Real estate is universal. We all need buildings to live, work, and play in. But the industry of real estate differs depending on geography, law, culture, and customs. One clear example of this is how the property industry operates in many areas of the Muslim world. The process is made more complex because Islamic religious laws, called Sharia, which have many principles and rules covering commerce and finance. As the population of Muslims continues to grow and their economies develop, Islamic-compliant finance is becoming increasingly important to understand. Overcoming complexities that most Westerners don’t even know to exist can open new opportunities for Muslims and non-muslims to get more deals done together.
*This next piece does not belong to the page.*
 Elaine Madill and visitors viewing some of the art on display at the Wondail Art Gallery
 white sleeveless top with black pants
Islam is the world’s fastest-growing religion. The global population of Muslims is expected to increase by roughly 70 percent, from 1.8 billion in 2015 to nearly 3 billion in 2060. By 2060, approximately 30 percent of the global population will be considered Muslim, up from 25 percent in 2015, according to Pew Research. In the United States, Muslims will replace Jews as the second most populous religious group by 2040, reaching 8.1 million American Muslims by 2050, roughly 2 percent of the population. Muslim populations in Europe are growing even faster. Depending on migration scenarios, Muslims could represent 14 percent of the European Union’s population by 2050. Navigating Islamic-compliant commerce is critical to doing business with Muslims, whose economic importance globally and in the Western world continues to grow.
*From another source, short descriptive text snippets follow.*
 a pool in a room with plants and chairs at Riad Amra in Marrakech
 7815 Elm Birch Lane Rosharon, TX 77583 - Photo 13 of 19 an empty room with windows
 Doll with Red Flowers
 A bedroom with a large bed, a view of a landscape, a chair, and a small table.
Islam’s finance and commerce laws are a form of ethical investing. It prohibits investing in and conducting business with any enterprise that manufactures or distributes alcohol, pork products, or, in the case of certain interpretations, firearms. Gambling businesses, brokerages, and illicit types of entertainment are also forbidden. The hardest obstacle to overcome is rules forbidding the concept of riba, roughly translated as “usury.” While there is some debate about what exactly riba is and its various forms, it’s commonly understood in the $2 trillion Muslim banking industry that charging interest is forbidden. Riba makes doing business with most insurance companies and other businesses with interest-based business models impermissible.
These rules certainly make commercial development, leasing, and financing more difficult but things can still get done with the right work-arounds. The most common form of acquisition and operating financing structure in Islamic real estate finance is the ijara, which sets up a ‘project company’ and a ‘funding company.’ The deal is set up like an auto lease, establishing a lessor-lessee relationship rather than a creditor-debtor relationship. The funding company must own the asset and be fully responsible for maintaining and insuring the property. The funding company leases the asset to the project company as lessee. The rent the project company pays is identical to the debt service from the conventional bank, providing the funds to service the debt. The process is tantamount to a reverse mortgage, paying rent instead of interest.
Mudaraba is another important legal structure in Islamic financing, whereby the lender (rab al maal) and a borrower (mudareb) enter a profit-sharing partnership to undertake an investment. The borrower is solely responsible for managing the investment, earning a fee that is deducted from any profits for managing the investment, and the parties share in any profits according to a contractually agreed-upon ratio. This way, no entity is earning interest, but a fair price on services provided.
The third major form of Islamic financing structure you need to know about is sukuk. This is most similar to a bond in Western finance. Since interest-paying bonds are forbidden, a sukuk sells an investor a certificate, using the funds to purchase an asset that the investor group must have a direct partial ownership stake in. Whereas a bond is a direct interest-bearing debt obligation, a sukuk involves direct asset ownership interest, making it permissible. Most importantly the sukuk cannot be speculative and must be invested into a tangible asset.